Qualcuno, però, deve avergli riferito dei calcoli dell’ex consulente di Palazzo Chigi, Stefano Patriarca, secondo cui l’ operazione porterebbe in cassa solo pochi spiccioli. La platea di chi percepisce quegli assegni, infatti, è formata da appena 30mila persone. Non solo. A quei livelli lo scarto tra contributi versati e prestazione percepita è minimo, nell’ ordine del 5-6%. Risultato: il bottino sarebbe di 100 milioni e rotti. Troppo poco per l’ obiettivo di Di Maio di far dimenticare agli elettori i ritardi sul reddito di cittadinanza portando i trattamenti minimi a 780 euro dagli attuali 500. Ed allora ieri, chiusa la pratica dei vitalizi, il vicepremier ha subito rilanciato: «Saranno tagliate quelle sopra i 4mila euro netti per ridare alle minime. Nei prossimi giorni arriva il disegno di legge».

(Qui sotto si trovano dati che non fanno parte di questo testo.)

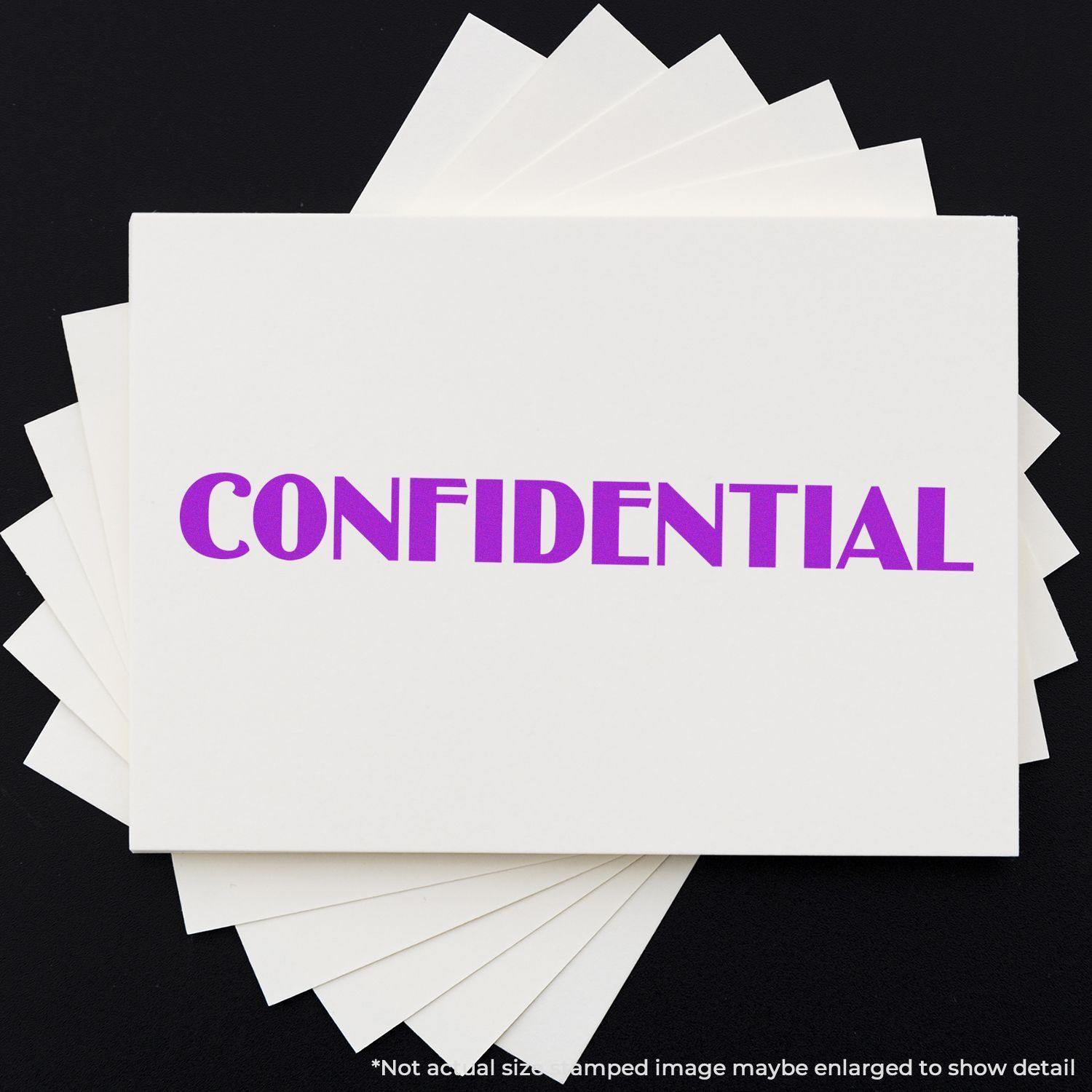 Large Pre-Inked Optima Confidential Stamp in use, displaying the word CONFIDENTIAL in bold purple letters on white paper.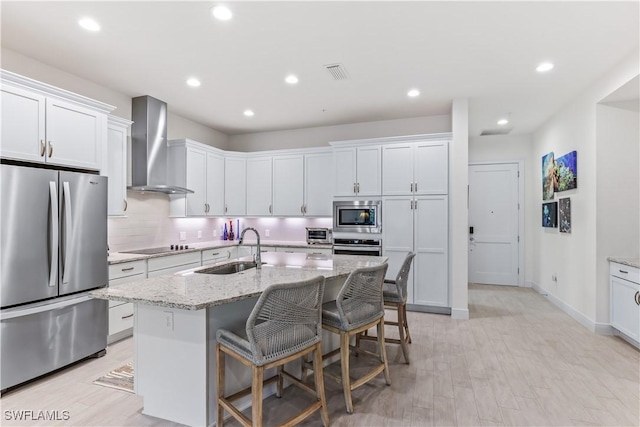 kitchen with sink, wall chimney exhaust hood, a kitchen island with sink, white cabinets, and appliances with stainless steel finishes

I CONTI NON TORNANO – Anche qui, però, i conti non tornano. Le pensioni sopra i 4mila netti (circa 7mila lordi) sono percepite da meno di 40mila persone. Il che permetterebbe, considerando pure in questo caso coefficienti di scarto minimi tra soldi versati durante il lavoro e presi successivamente, di portare a casa poche centinaia di milioni. Briciole rispetto a quello che servirebbe per l’ operazione alla Robin Hood che Di Maio ha in testa. In Italia ci sono oltre 2,3 milioni di pensionati che guadagnano meno di 500 euro lordi al mese. E per loro lo Stato spende già 8,3 miliardi di euro. Il loro assegno medio è di 3.600 euro l’ anno, ovvero 300 euro al mese. Il calcolo è semplice: per arrivare a 750 euro mensili servirebbero almeno 8,5 miliardi. Una cifra simila a quella che, secondo i calcoli del governo giallo-verde, servirebbe per addolcire la Fornero con la quota 100. Quattrini che, in entrambi i casi, difficilmente il ministro dell’ Economia, Giovanni Tria, farà uscire dalla borsa.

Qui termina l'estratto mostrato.